なお、撮像部101として、焦点距離f=85mm、F値=2.8のチルトレンズを利用し、チルト角を8.5°に設定し、撮像倍率を1倍に設定した。また、エリアカメラの撮像素子(エリアセンサ)は、幅方向2352画素×積分方向1726画素であり、撮像分解能は、0.01mm/画素であった。また、チルトレンズから測定対象物までの離隔距離は、190mmとした。
また、湾曲面を有する測定対象物としては、直径24mmの棒鋼を利用した。
更に、形状算出処理に用いられるバンドパスフィルタとしては、画素間隔を2とした周波数に対して、通過帯域が0.2〜0.6であるバンドパスフィルタを利用し、ベースライン処理では、絶対値波形のデータから中央値(メジアン)を差し引いた。また、絶対値波形を近似する凸状関数としては、ガウス関数を利用した。
図12は、上記のような撮像部101によって撮像された撮像データを示したものであり、図12の横方向が搬送方向(棒鋼の長手方向)xであり、縦方向が幅方向yである。図12から明らかなように、得られた撮像データには、ピントが合っている領域と、ピントが合っておらずボケた状態となっている領域とが混在していることがわかる。
図12に示した撮像データのある幅方向位置について、一次元信号の強度分布L(x)を、図13の最上段に示した。この一次元信号L(x)に対して、上記のようなバンドパスフィルタを用いたフィルタ処理を行った結果、図13の上から2段目に示したような信号Lbpf(x)が得られた。次に、かかる信号Lbpf(x)に対して絶対値処理を行った結果、図13の上から3段目に示した絶対値波形信号Labs(x)が得られ、この絶対値波形に対してベースライン処理を行った結果、図13の下から2段目に示した信号Lo(x)が得られた。この信号Lo(x)をガウス関数でフィッティングした結果、図13の最下段に示したようなガウス関数が得られた。ガウス関数のピーク位置のx座標として、x=1680が出力された。
このような処理を、撮像データの幅方向に対して随時実施した結果、図14に示したような合焦位置の分布が得られた。このような合焦位置の分布から算出された表面高さHを、図15Aに実線で示した。
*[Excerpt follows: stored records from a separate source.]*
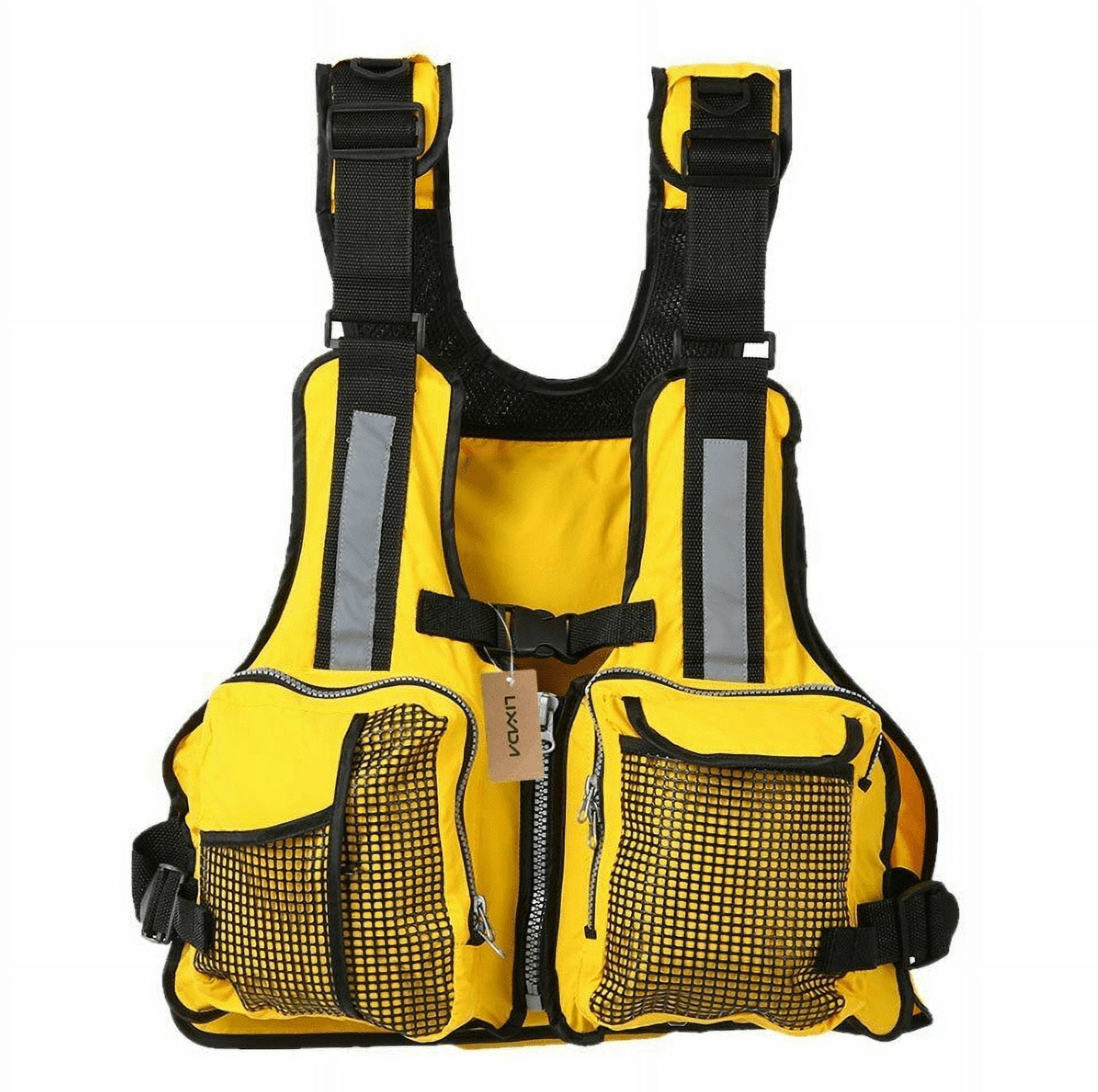 Adult Fishing Life Jacket Kayak Life Vest Sailing Swimming Buoyancy Aid Waistcoat with Multi-Pockets and Reflective Stripe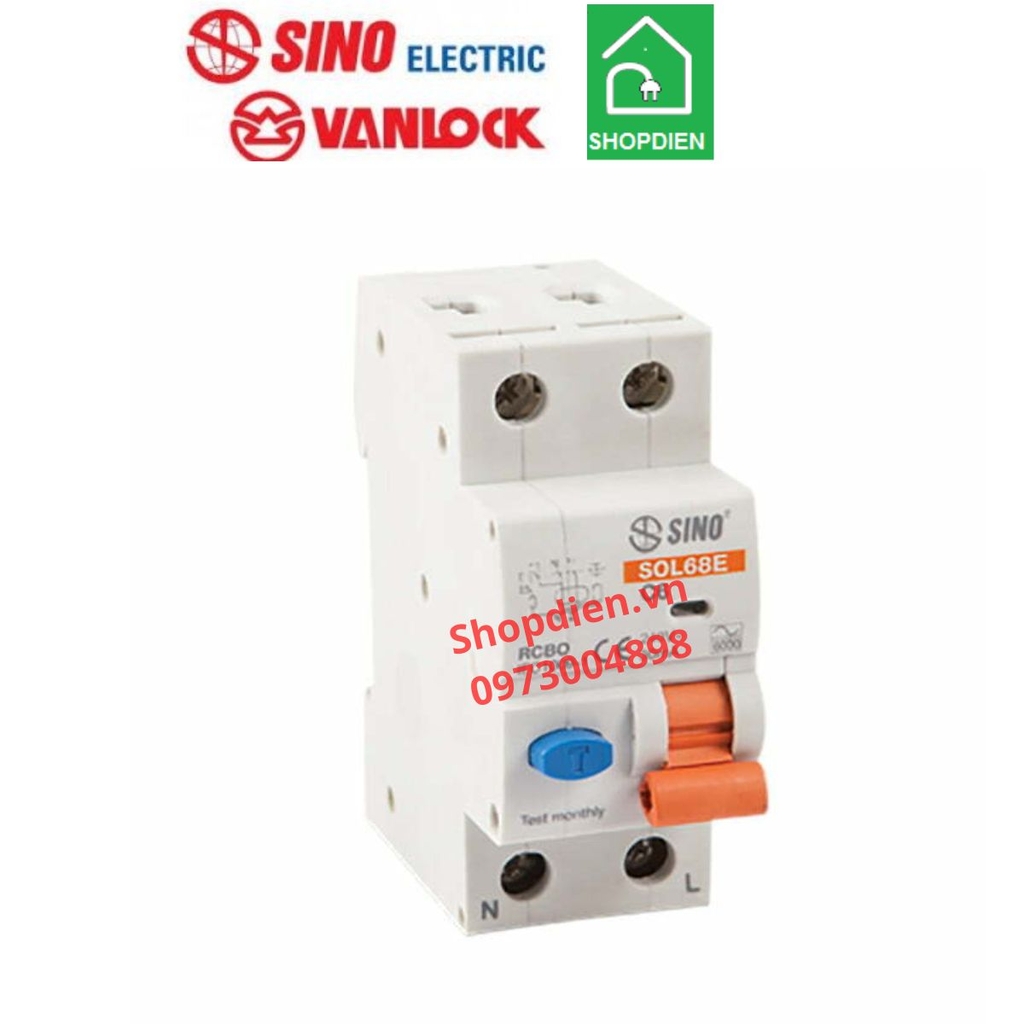SOL68E/2020/030 Sino RCBO 2P 20A 30mA Cầu dao chống rò chống giật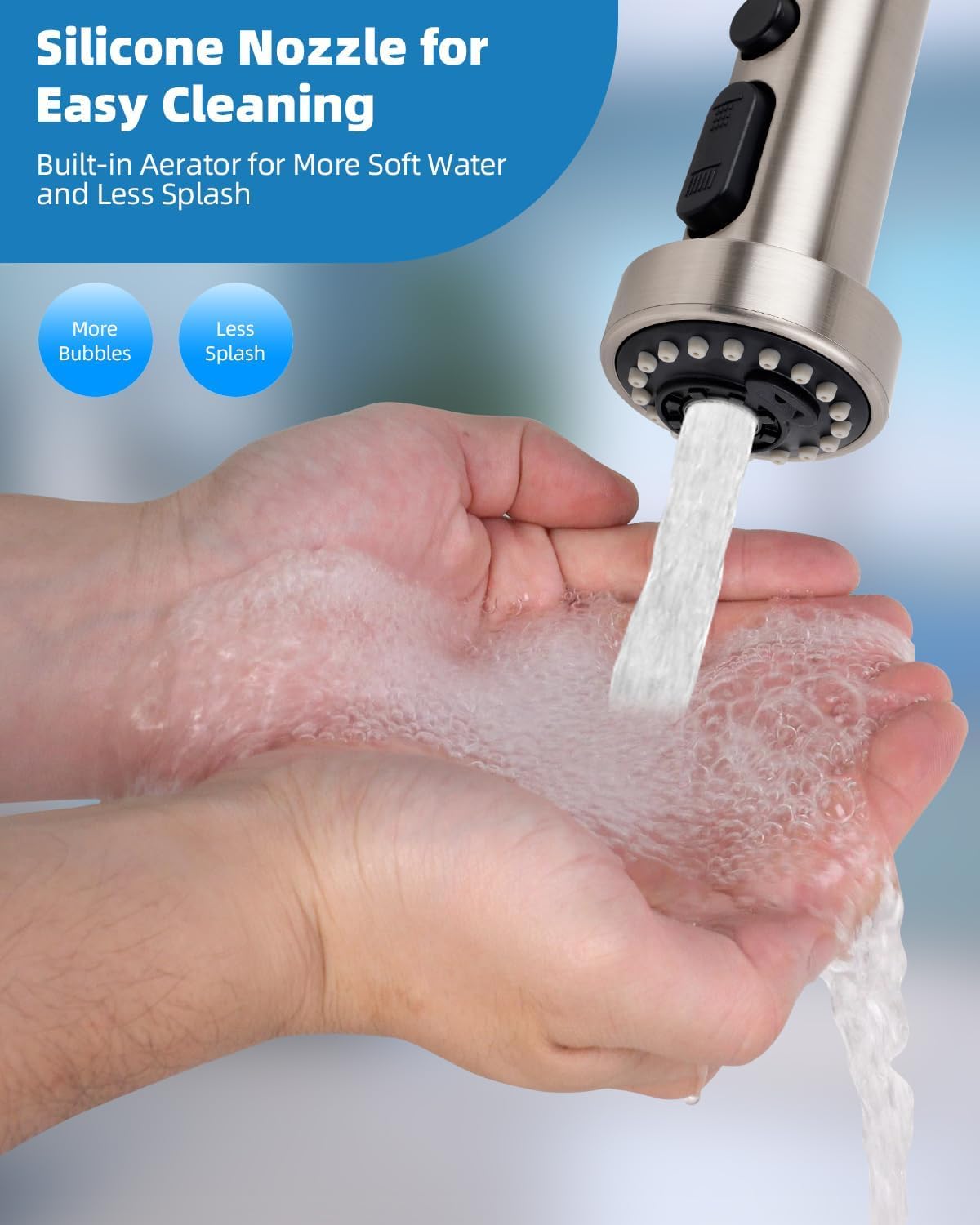 Hibbent easy-installation head swaps quickly on compatible pull-down faucets.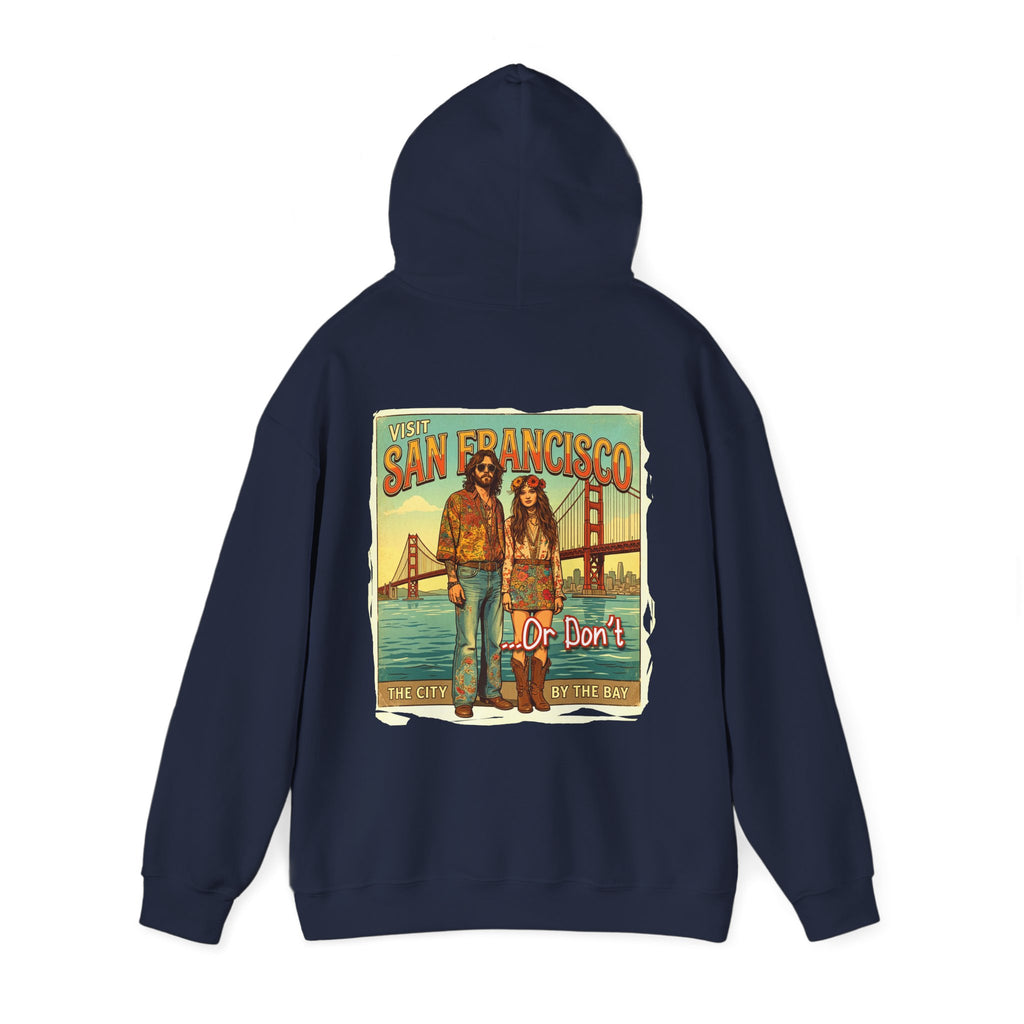 - 'Visit San Francisco' Retro Travel hoodie with Art print.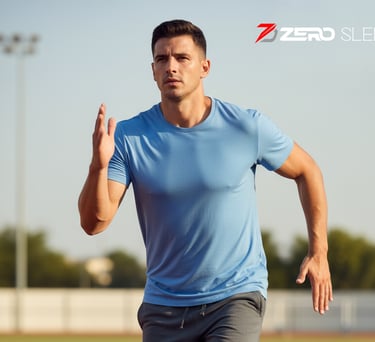 a man running on a track with a blue t-shirt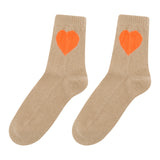 Heart Socks - Camel/Neon Orange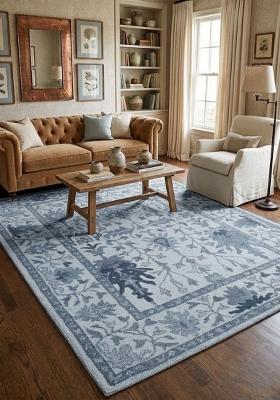 Saffron Rugs Hand Tufted Light Blue Floral Oriental Rectangular Wool Area Rug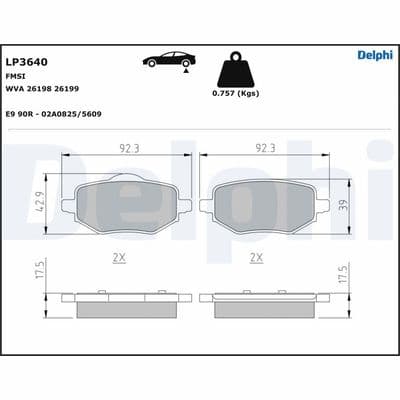 DELPHI ARKA FREN BALATASI OTOMATİK EL FRENİ CORSA F-C4-208-2008-DS3 OEM: 1643574280-1680301680 - DELPHI LP3640 kodlu oto yedek parça
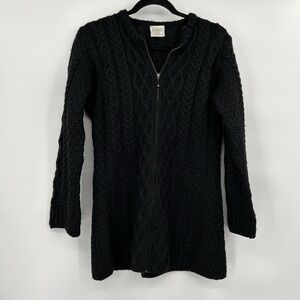 Kilronan Knitwear Womens Irish Merino Chunky Cable Knit Full Zip Sweater Sz S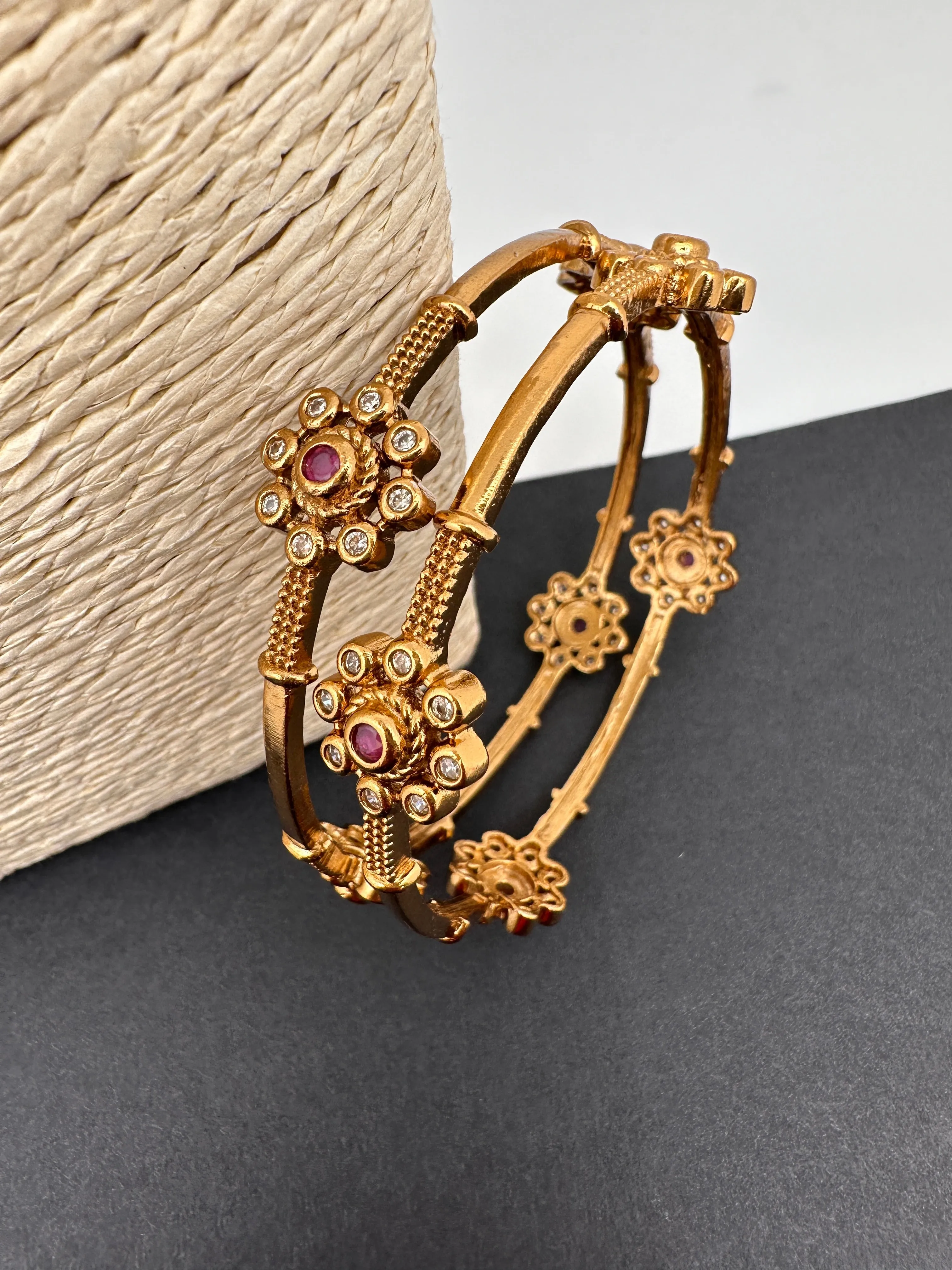 Matte Floral Multi Stone Bangles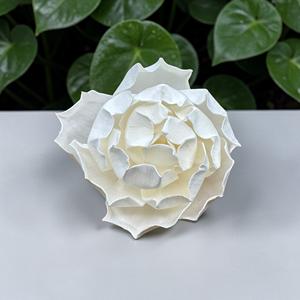 VADEE Craft Fleurs artisanales durables en bois de Sola, couleur crème vintage, taille 8,5 cm, avec tige en fibre de plantes de Sesbania Phra - Product Image 1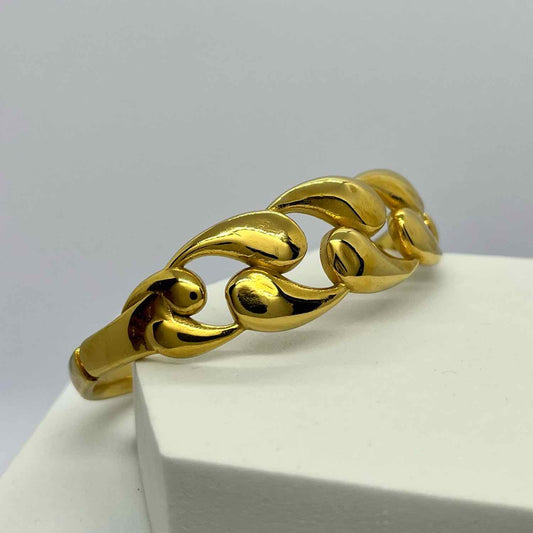 Gold Plated Chunky Bubble Braceleted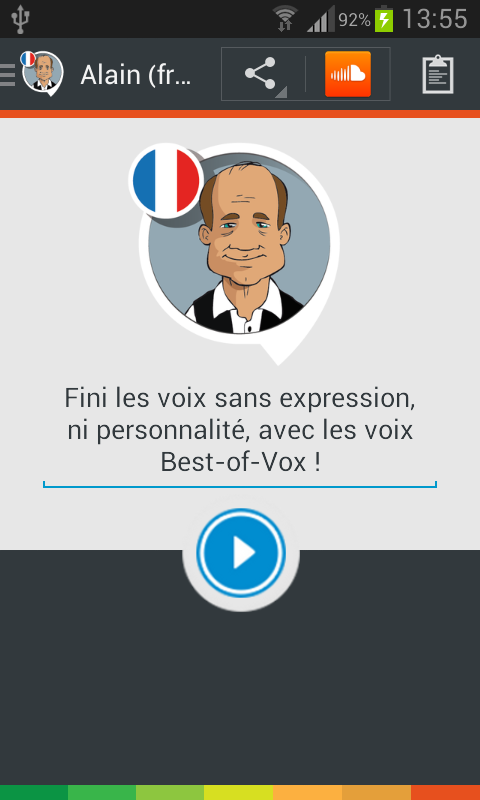 Android application Alain voice (French) screenshort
なお、図15Aでは、得られた測定値に対して7点移動平均を施した後の結果を、示している。また、図15Aでは、直径24mmの棒鋼の断面形状が真円であるとして算出した理論値を、破線であわせて示している。
図15Aから明らかなように、本発明の実施形態に係る形状測定装置10で測定された棒鋼の表面高さの測定値は、理論値に極めて一致していることがわかる。また、図15Bには、得られた測定値の理論値からの誤差を示しているが、得られた測定値の標準偏差は、0.12mmであった。
ここで、上記特許文献2に開示されているようなステレオ法における高さ計測の誤差は、奥行きの1〜2%程度であることが知られている。一方、今回の実験例における奥行き方向の離隔距離は、上記のように190mmであるため、上記の誤差は、0.12mm/190mm×100=0.06%に対応する。従って、本発明の実施形態に係る形状測定装置10で得られた表面形状の測定結果は、ステレオ法によって測定された表面形状よりも極めて優れた精度を有していることが明らかとなった。
以上、添付図面を参照しながら本発明の好適な実施形態について詳細に説明したが、本発明はかかる例に限定されない。本発明の属する技術の分野における通常の知識を有する者であれば、特許請求の範囲に記載された技術的思想の範疇内において、各種の変更例または修正例に想到し得ることは明らかであり、これらについても、当然に本発明の技術的範囲に属するものと了解される。